Companies Benefit from Sustainable Practices
New research shows that corporate performance has improved as their environmental practices have become better, while energy consumption and carbon emissions have decreased.
Climate change and pollution reduction are among the most important challenges confronting businesses. As the major cause of global warming is greenhouse-gas emissions, they pose serious environmental challenges. To address the issue, corporations are engaging in sustainable investment – spending on environmental and green initiatives for emissions reduction such as energy efficiency, clean power, pollution reduction and recycling. Sustainable investments can not only reduce carbon emissions and promote recycling and reuse but can also increase productivity through reduced energy usage.
Muhammad Atif, Md. Samsul Alam and Md. Shahidul Islam, authors of the December 2021 study “Firm Energy and Carbon Performance: Does Sustainable Investment Matter?,” examined how sustainable investment influences firm energy and carbon performance as well as firm profitability. Their data sample included 23,501 firm-year observations over the 17-year period 2002-2018 in Canada, France, Germany, Japan, the U.K. and the U.S. Controlling for industry and country effects, they found:
- Sustainable investment had a statistically significant negative relationship with both the intensities of energy consumption and carbon emissions, suggesting that sustainable investment improves energy efficiency and clean energy use, thereby decreasing carbon emissions.

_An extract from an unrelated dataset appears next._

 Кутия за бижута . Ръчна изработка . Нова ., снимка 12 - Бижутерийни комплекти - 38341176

- Measuring firm performance by Tobin’s Q (market value of equity scaled by book value) and return on sales (net income scaled by sales), there was a positive relationship between a firm’s environmental and financial performance – firms investing in sustainability enjoyed better financial performance.

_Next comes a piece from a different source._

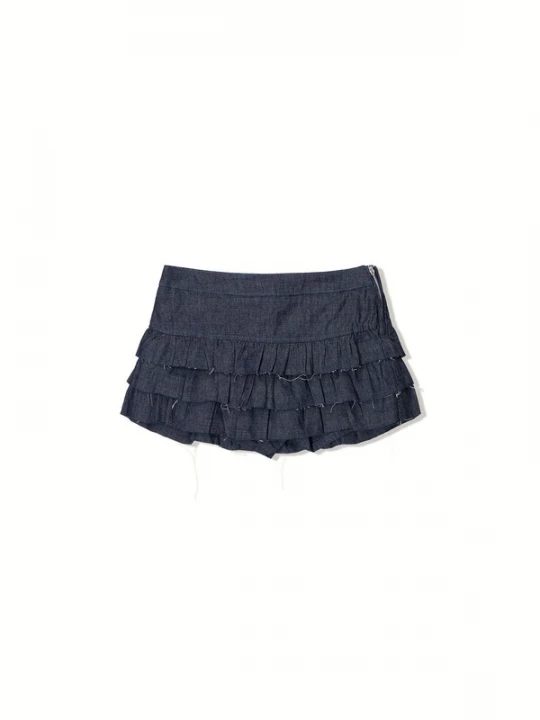 Foto van product Bershka Rok navy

Their study contributes to the research on sustainability and a low carbon economy, demonstrating that a firm can achieve both financial and environmental advantages by employing its internal assets and resources to clean technologies. In other words, through their sustainable investments, companies not only benefit by signaling to investors their commitment to more ecologically friendly policies (attracting investors and lowering their relative cost of capital) but also benefit through productivity gains, improving profitability.
These findings are consistent with those of Joshua Kazdin, Katharina Schwaiger, Viktoria-Sophie Wendt and Andrew Ang, authors of the study, “Climate Alpha with Predictors Also Improving Company Efficiency,” published in the winter 2021 issue of The Journal of Impact and ESG Investing. They found that companies with low carbon emissions tend to have high measures of company performance in terms of implied cost of capital, gross profitability and Tobin’s Q – the outperformance of companies with low carbon emission intensities is consistent with those companies being more efficient. Specifically, the relationship between carbon emission intensity and gross profitability was negative and statistically significant, indicating that an increase in emission intensity by one metric ton per million dollars in sales increases gross profitability by 0.3% and implying that lower carbon intensities may reflect greater company efficiencies. Thus, such companies tend to have exposure to the quality (and profitability) factor. They also found that the highest emissions were correlated with relatively poor productivity and that after accounting for sector exposures and other characteristics, companies with low carbon emissions exhibit excess returns.